- **SOURCE MATERIAL**

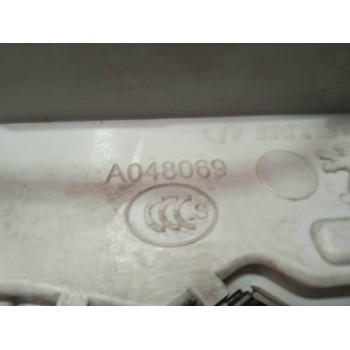 Recambio de cerradura puerta trasera izquierda para peugeot 5008 access referencia OEM IAM A048069  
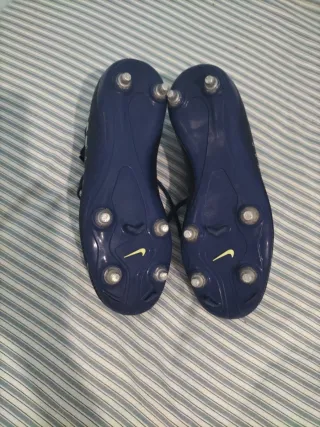 Zapatillas Nike fútbol tacos aluminio 38.5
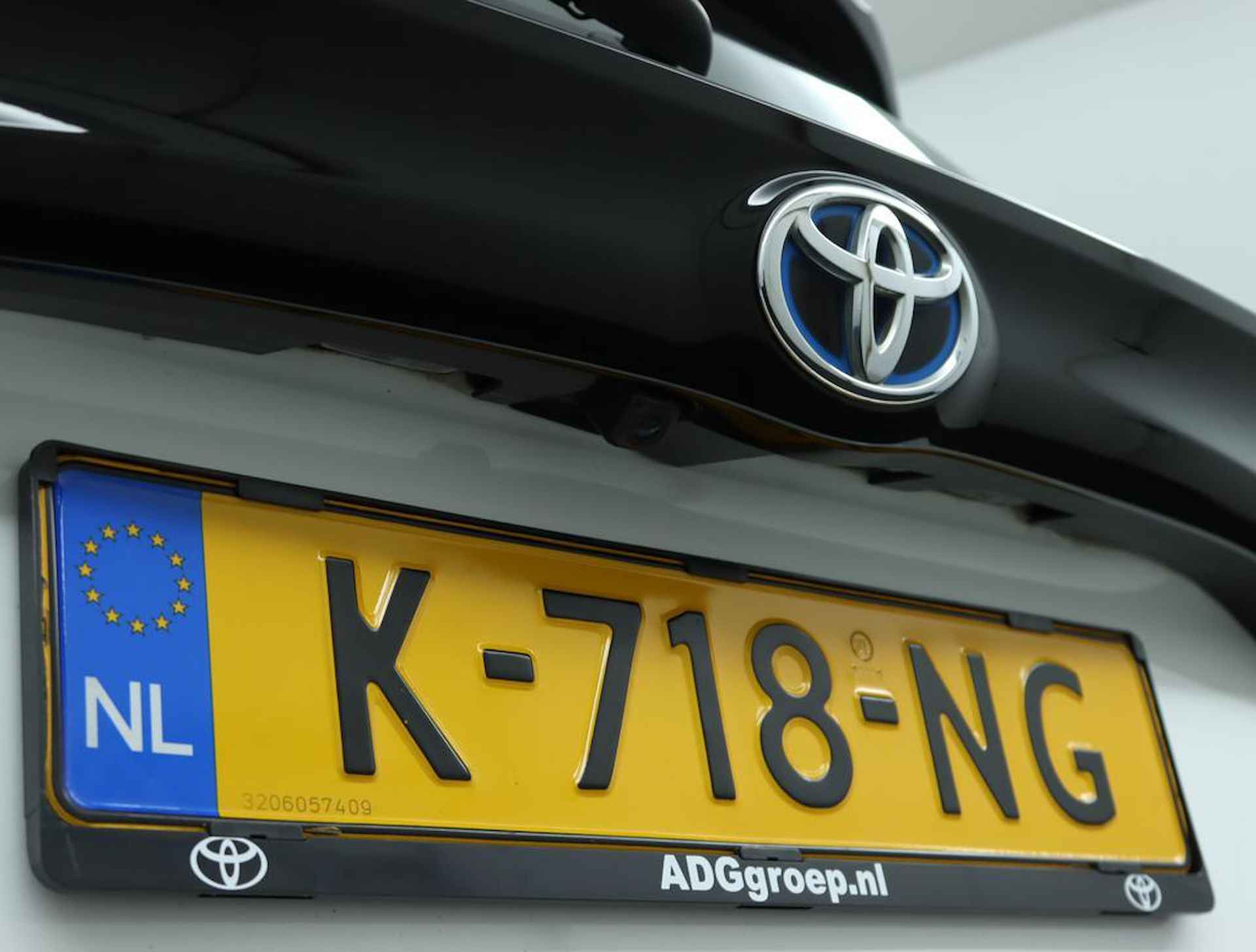 Toyota Yaris 1.5 Hybrid Dynamic | Adaptive Cruise Control | Lichtmetalen velgen | Achteruitrijcamera | Keyless Entry | 10 jaar garantie! | - 39/51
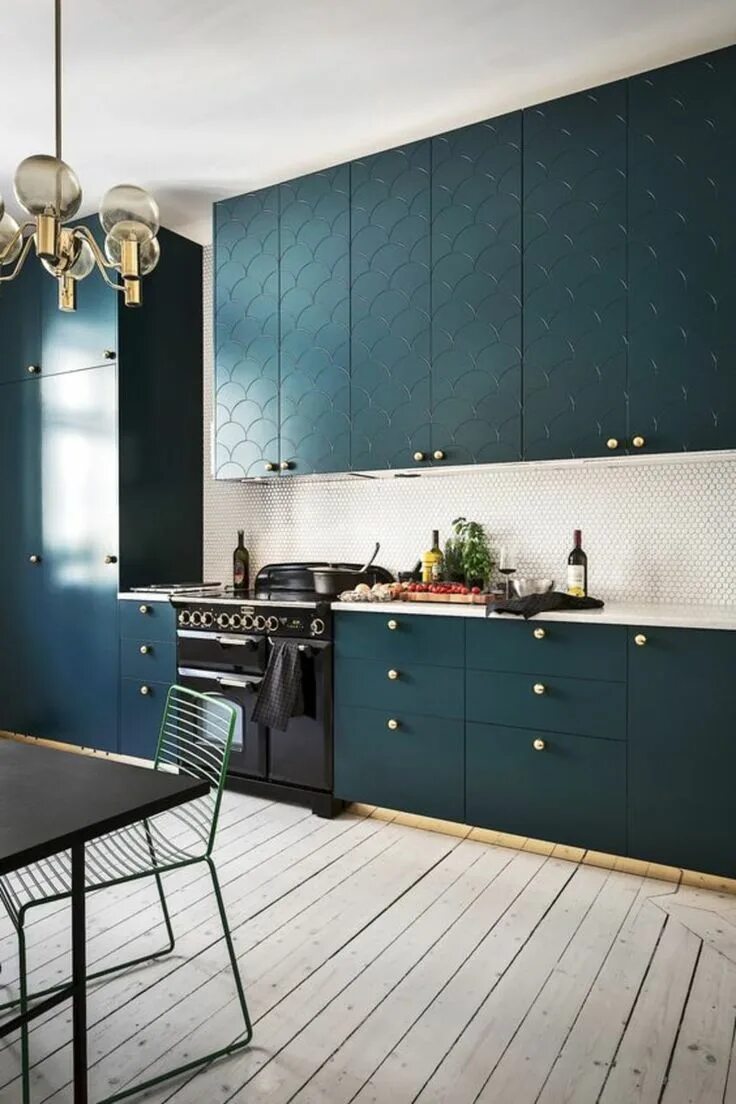 Кухня цвета морской волны в интерьере The Kitchen Cabinet Color I’m Obsessed With Teal kitchen, Teal kitchen cabinets,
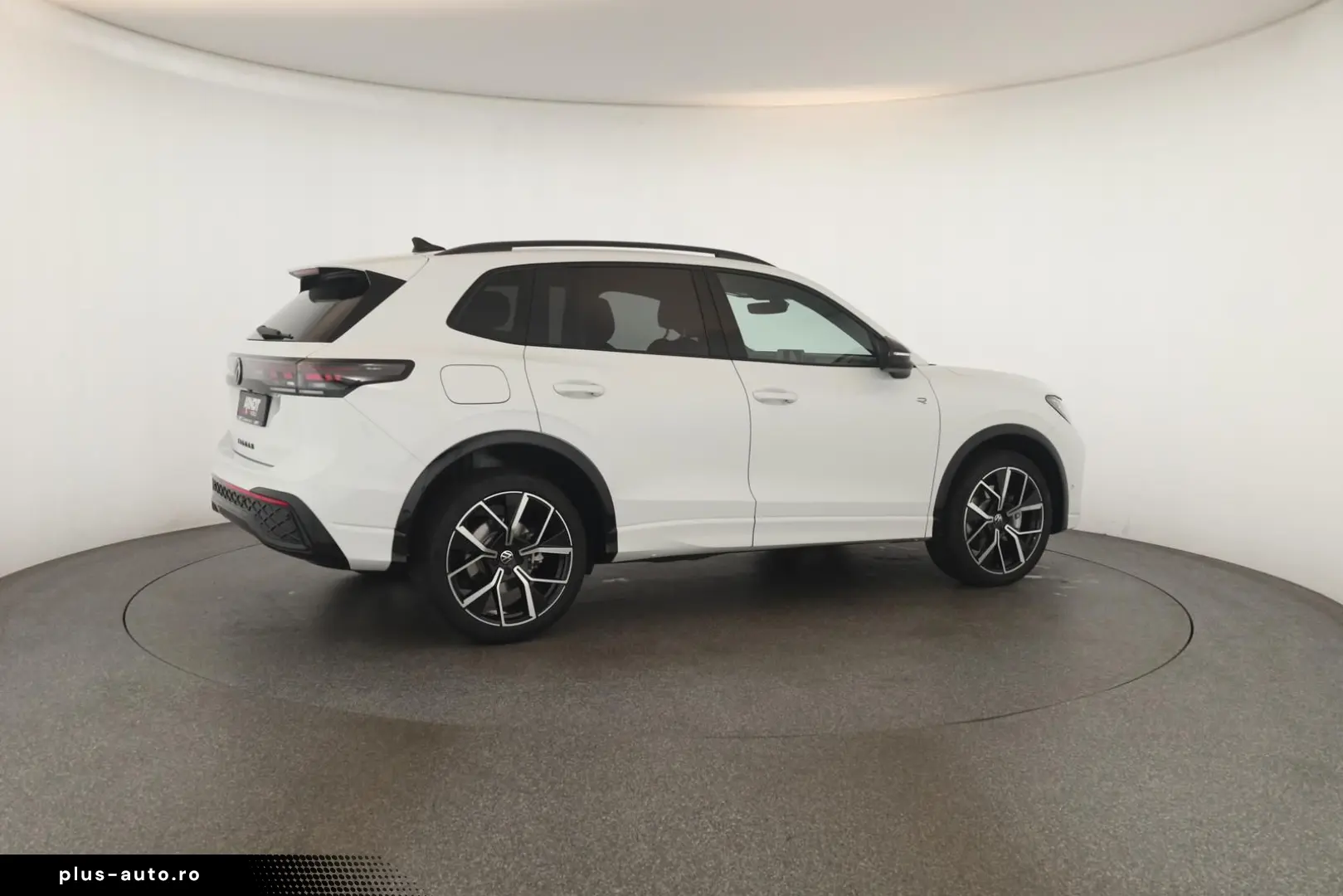 VW Tiguan 2.0 TSI DSG 4M R-Line IQ Pano Nav Key 360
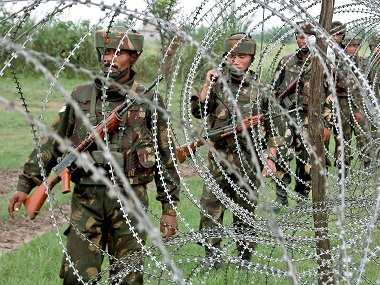Pakistan violates ceasefire along LoC in Jammu and Kashmir's Uri sector, Indian forces retaliate Pakistan violates ceasefire along LoC in Jammu and Kashmir's Uri sector, Indian forces retaliate
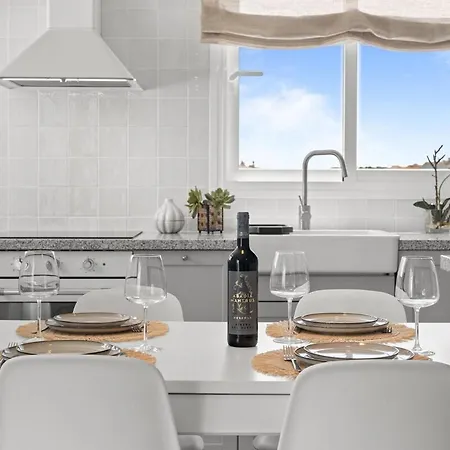 Apartment Modern Gem With Large Terrace And Sea Views *
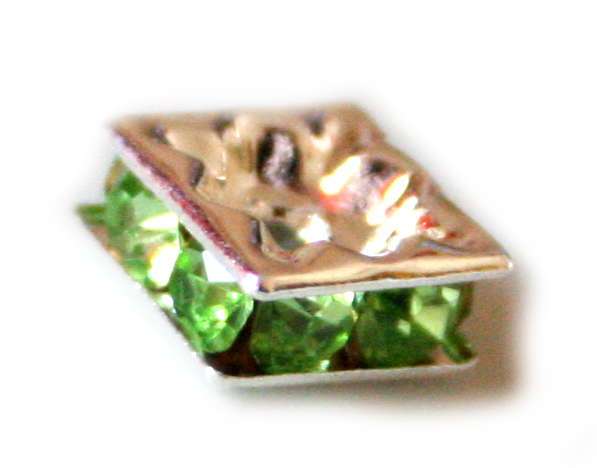 8x8mm peridot in silver square roundel
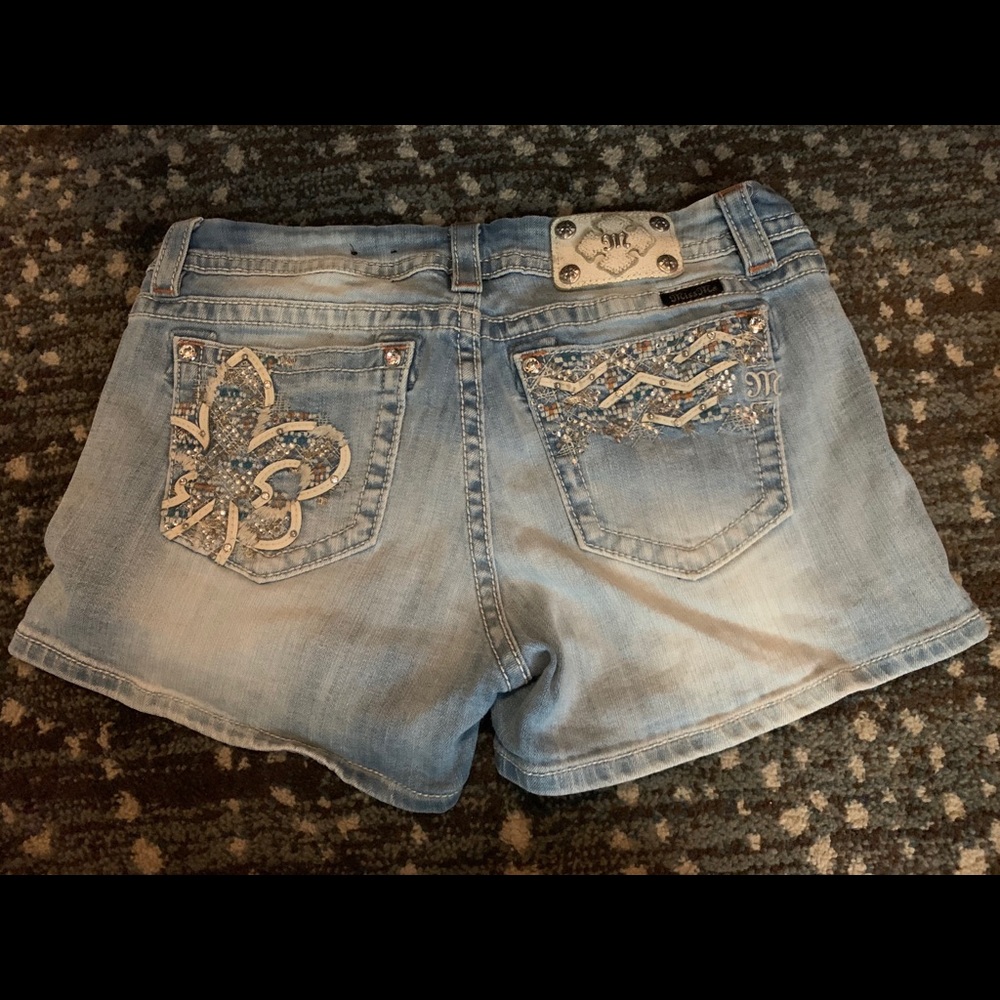 Miss Me shorts mid-rise
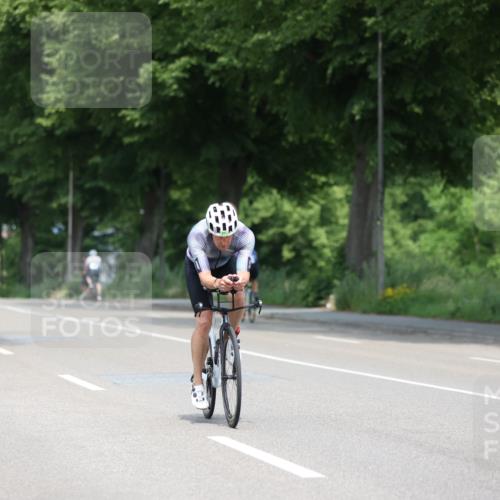 15.06.2025 - 7 Türme Triathlon Yannick Fuchs http://msf.ph/oto/7996183 15.06.2025 12:15:14 Radfahren 304, 307, 317 meine-sportfotos.de
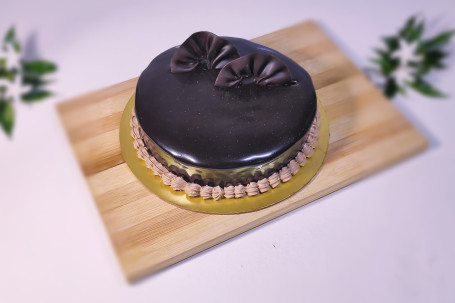 Creamy Chocolate Classy Truffle Cake [450 Grams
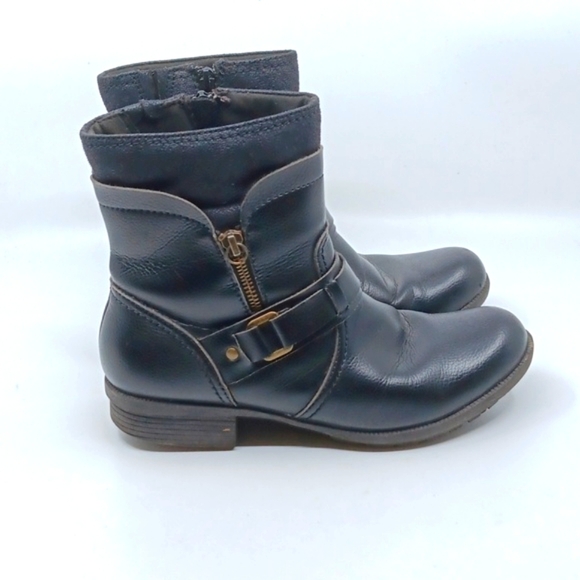 Clarks Black Ankle Boots W/ Dual Zipper Design - Picture 8 of 13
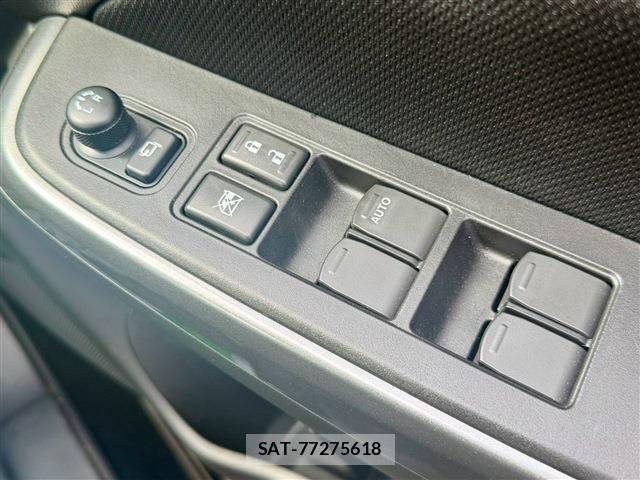 Suzuki SWIFT 2022-02 8884427-18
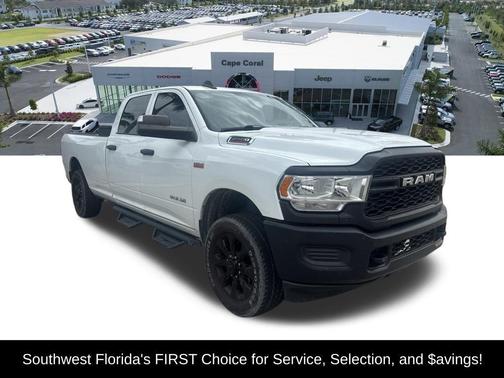 Bright White Clearcoat 2022 RAM 2500 Tradesman Crew Cab 4x2 8' Box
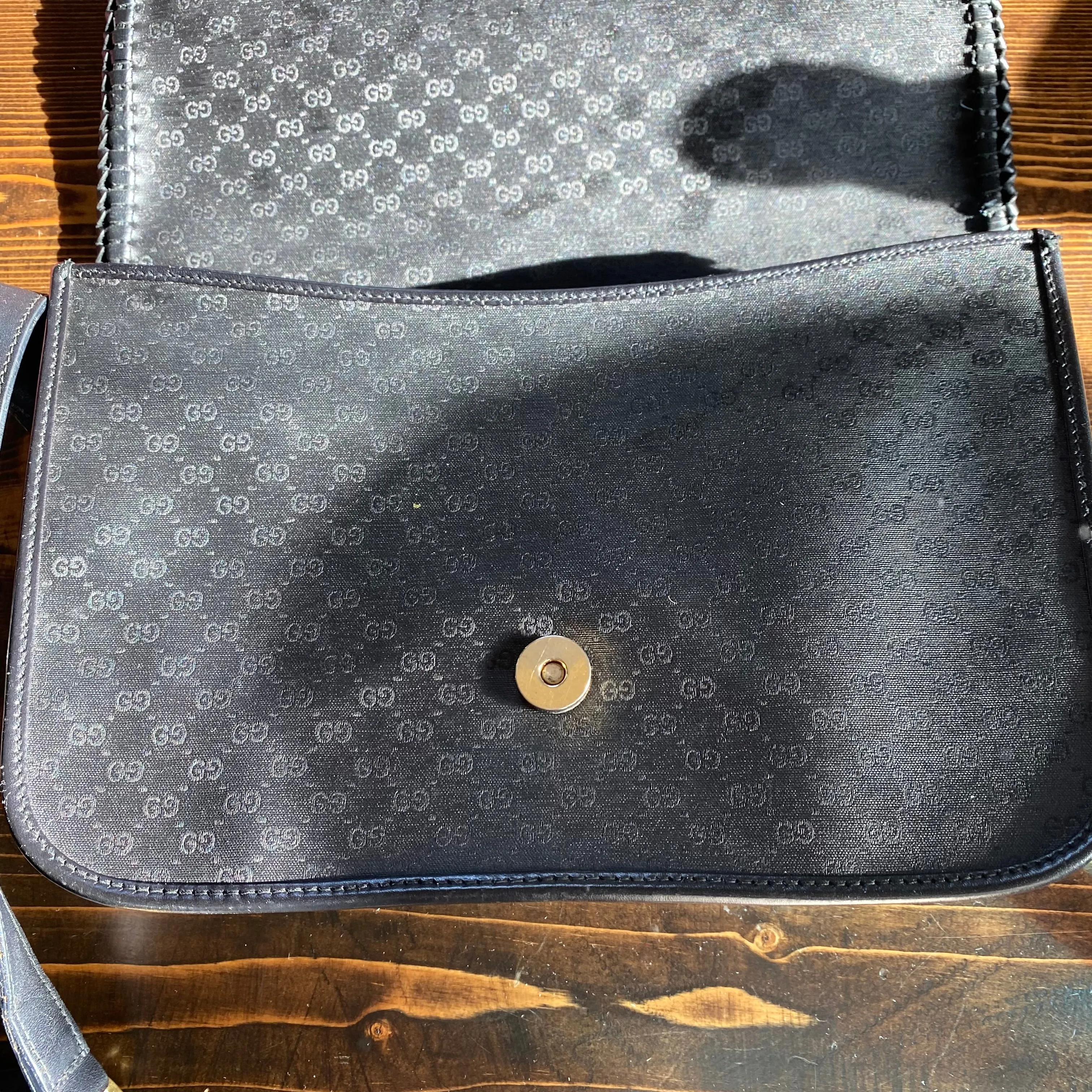 The Swift Crossbody - Vintage Micro GG in Black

- **INSTRUCTIONS TO FOLLOW**
Print the part of the listing above that opens with the line containing "Кухня цвета морской" and closes with the line containing "VW Tiguan 2.0". Copy it exactly, both ends included, and omit the pictures.

- **RESPONSE BELOW**
 Кухня цвета морской волны в интерьере The Kitchen Cabinet Color I’m Obsessed With Teal kitchen, Teal kitchen cabinets,
 VW Tiguan 2.0 TSI DSG 4M R-Line IQ Pano Nav Key 360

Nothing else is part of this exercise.